What are the causes of community acquired pneumonia?
- Community-acquired pneumonia (CAP): may be primary or secondary to underlying disease. Typical organisms are
- Streptococcus pneumoniae (most common),
- Haemophilus influenzae,
- Moraxella catarrhalis.
Atypical:
- mycoplasma pneumoniae,
- Staphylococcus Aureus,
- Legionella species and
- Chlamydia.
Gram-negative bacilli and anaerobes are rarer. Viruses account for up to 15%
What are the causes of hospital-acquired pneumonia?
- Hospital-acquired pneumonia (HAP): defined as pneumonia developed > 48 hours after hospital admission. Most commonly gram-negative enterobacteria or Staphylococcus Aureus.
Also Pseudomonas Klebsiella bacteroides and Clostridia.
What are the causes of aspiration pneumonia?
- Aspiration pneumonia: those with stroke, myasthenia gravis, bulbar palsies, decreased consciousness eg post-ictal or intoxicated, poor dental hygiene and oesophageal disease (achalasia, reflux) risk aspirating oropharyngeal anaerobes
What are the clinical features of pneumonia?

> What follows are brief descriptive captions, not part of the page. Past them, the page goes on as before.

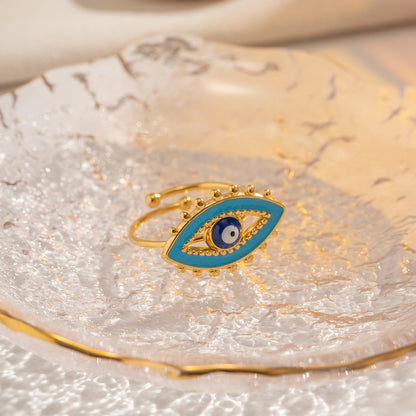 Best Azure Evil Eye Ring – 18K Gold Plated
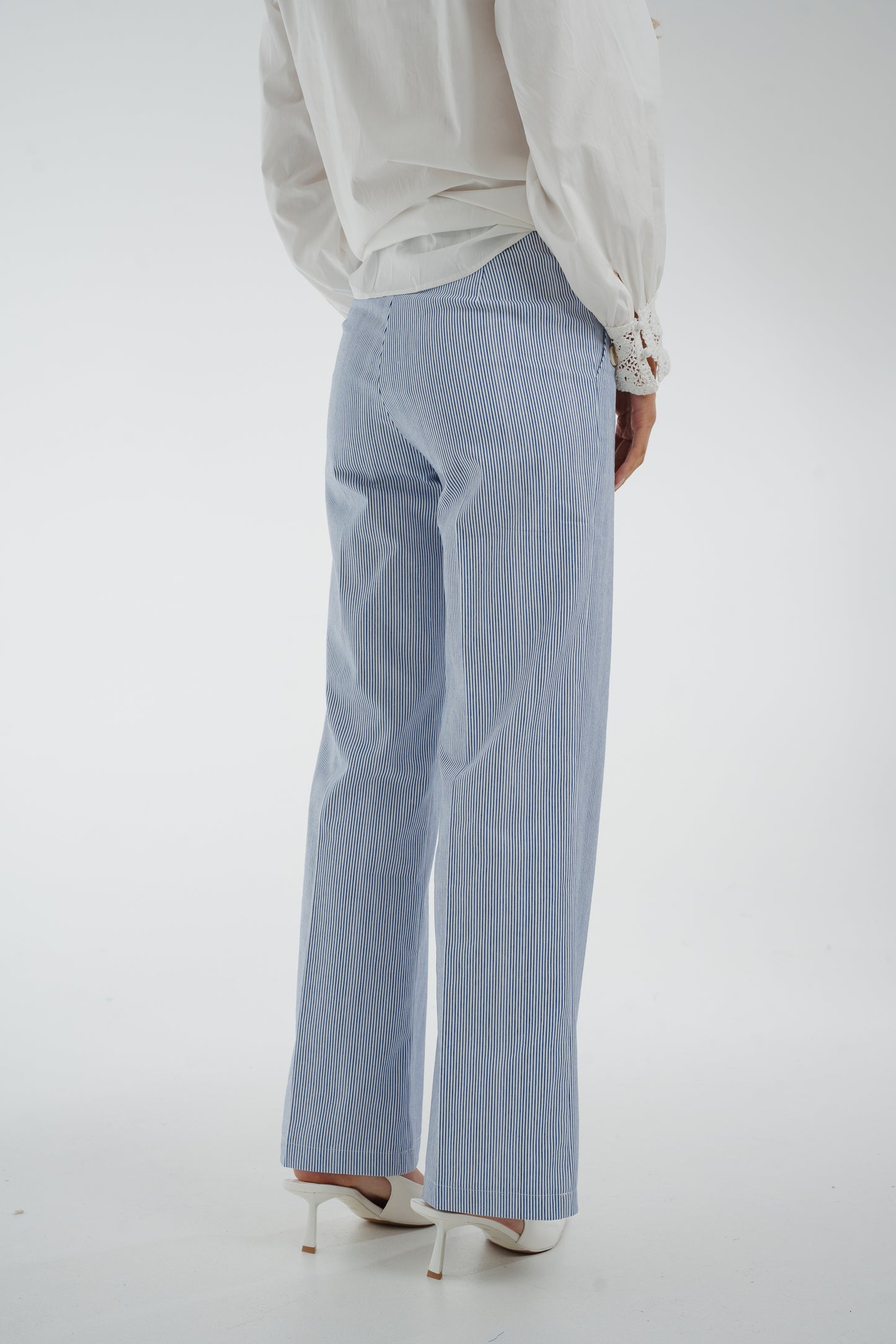 Maria Button Detail Trousers In Blue Stripe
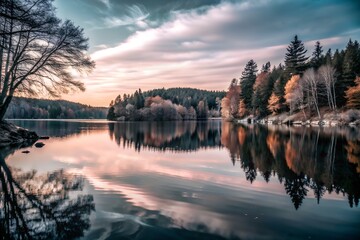 Obraz premium Stunning Sunset Over Serene Lake with Reflections of Autumn Trees
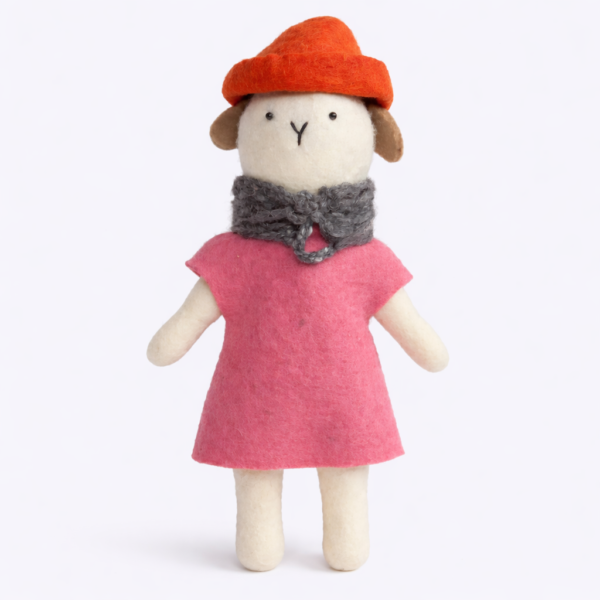 sustainable, handcrafted, felt doll, felt, home decor, gifting, Sheep Female Straight Leg Doll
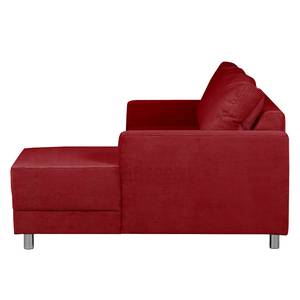 Hoekbank Greenwood III ribfluweel ribfluweel - Rood - Longchair vooraanzicht rechts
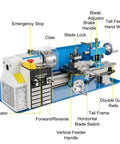 14 Inch Mini Metal Lathe Machine With Variable Speed Control 550W Motor components and controls diagram on a benchtop.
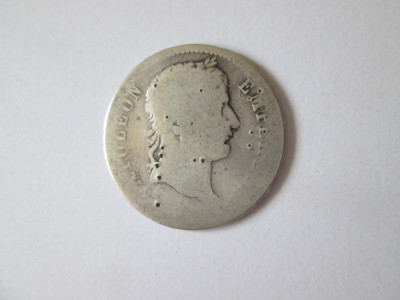 Rara! Franta 1 Franc 1812 B(Rouen) argint Napoleon I,moneda in stare slaba foto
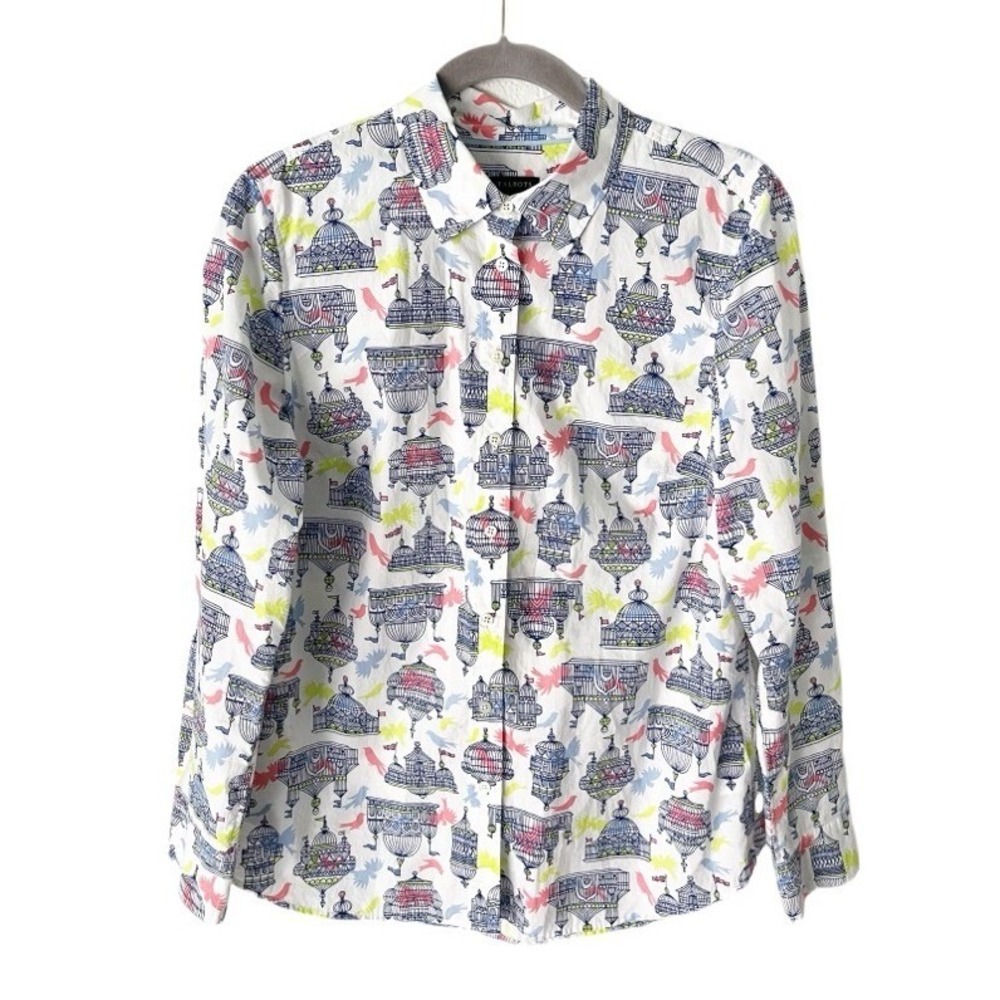 Talbots Whimsical Birdcage Novelty Print AOP Cotton Button Down Top Size Medium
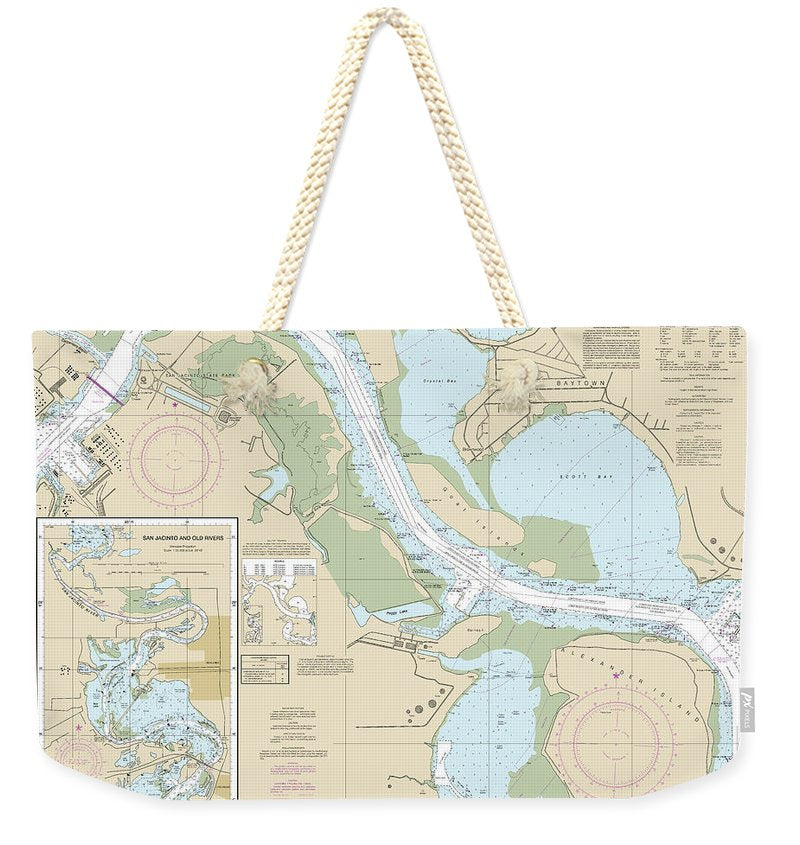 Nautical Chart-11329 Houston Ship Channel Alexander Island-carpenters Bayou, San Jacinto-old Rivers - Weekender Tote Bag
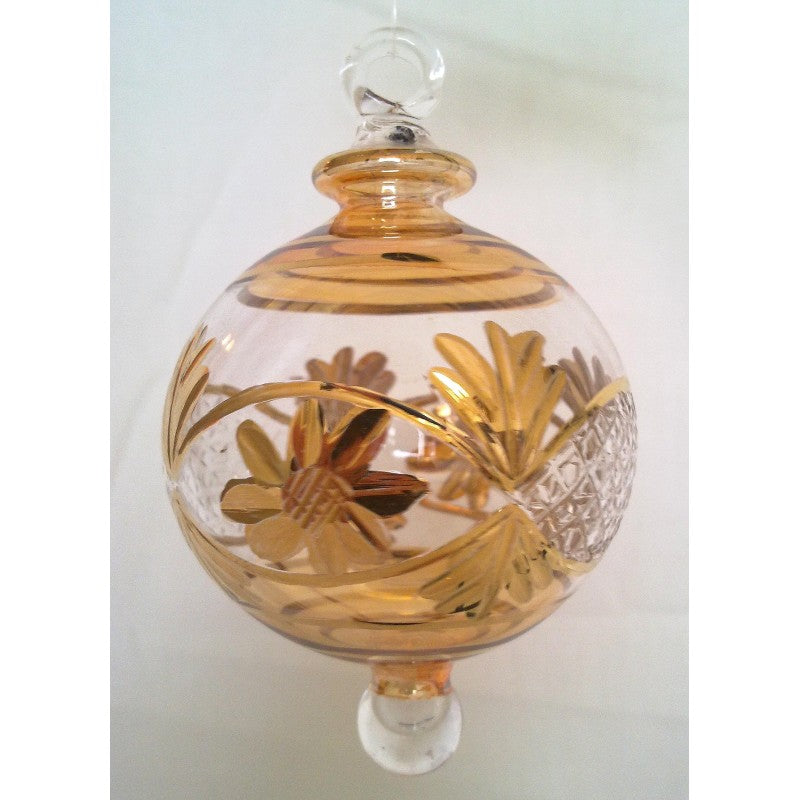 Amber Egyptian glass Christmas tree ball with gold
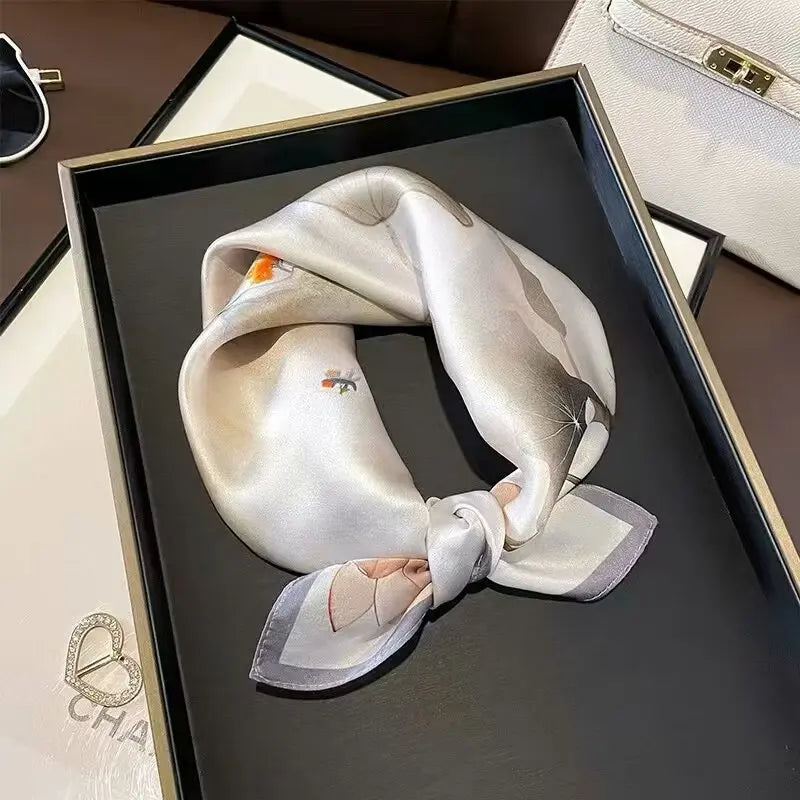 2025 New 100% Pure Silk Scarf Women Neck Hair Foulard Bandana Square Small Headband Hijab Print Poncho Scarves Pashmina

KEY: Cough, Chest pain, Fever
SYMPTOMS:
-Symptoms of infection: fever, malaise, headaches, rigors
-Cough
-Chest pain (pleuritic)
-Anorexia
-Dyspnoea
-Purulent sputum
-Haemoptysis
SIGNS:
-Pyrexia
-Cyanosis
-Confusion (can be the only sign in the elderly)
-Tachypnoea
-Tachycardia
-Hypotension
-Signs of consolidation: reduced expansion, dullness to percussion, increased tactile vocal fremitus/ vocal resonance, bronchial breathing
-Pleural rub
How is pneumonia investigated?
-Assess oxygenation: oxygen saturation by pulse oximetry, test BP
-ABG: if saturation is less than 92% or if you suspect severe pneumonia
-Blood tests: FBC, U&E, LFT, CRP
-Chest Xray: look for lobar or multilobar infiltrates, cavitation, pleural effusion.
-Sputum test: for microscopy and culture
-Urine: check for legionella or pneumococcal urinary antigens
-Atypical organism and viral serology
-Pleural fluid: may be aspirated for culture
CURB-65
Assesses the severity of disease
Confusion: abbreviated mental test <8
Urea: >7mmol/L
Respiratory rate: >30/min
Blood pressure: <90 systolic and/or <60 diastolic
Age: >65
May underscore the young, clinical judgement necessary.
How is pneumonia managed?
Management is based on CURB-65 score:
0-1: oral antibiotics and home treatment
2: Hospital therapy
>3: Severe, indicates mortality 15-40%, consider ITU
ANTIBIOTICS
1. Community acquired:
Mild: not previously required treatment, CURB 0-1 (Strep pneumoniae, Haemophilus Influenzae)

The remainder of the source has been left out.